Exercise data:
·····

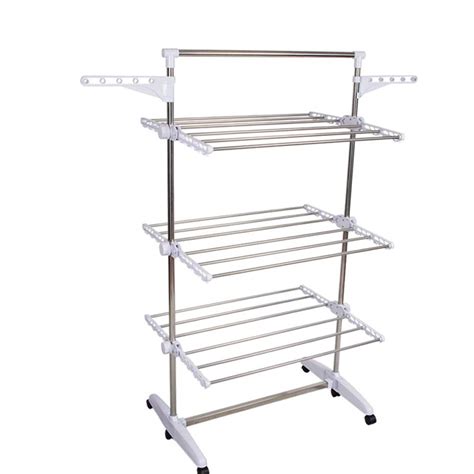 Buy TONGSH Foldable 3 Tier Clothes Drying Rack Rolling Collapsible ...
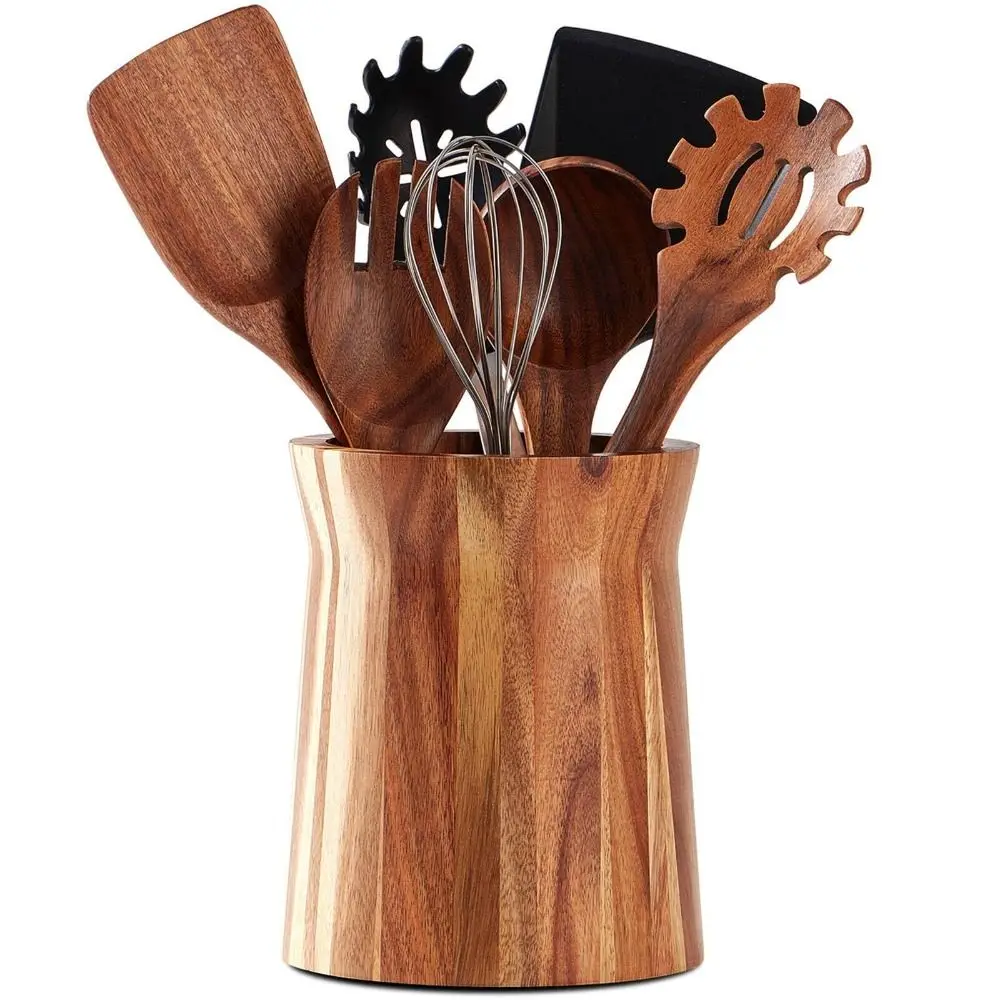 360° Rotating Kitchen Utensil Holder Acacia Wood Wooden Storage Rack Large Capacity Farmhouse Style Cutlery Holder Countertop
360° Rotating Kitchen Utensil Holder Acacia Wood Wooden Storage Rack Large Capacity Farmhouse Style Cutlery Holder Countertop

·····

What to do:
Only the pictures are to be dropped; return everything else in the listing exactly.

Your response:
 Buy TONGSH Foldable 3 Tier Clothes Drying Rack Rolling Collapsible ...
 360° Rotating Kitchen Utensil Holder Acacia Wood Wooden Storage Rack Large Capacity Farmhouse Style Cutlery Holder Countertop
360° Rotating Kitchen Utensil Holder Acacia Wood Wooden Storage Rack Large Capacity Farmhouse Style Cutlery Holder Countertop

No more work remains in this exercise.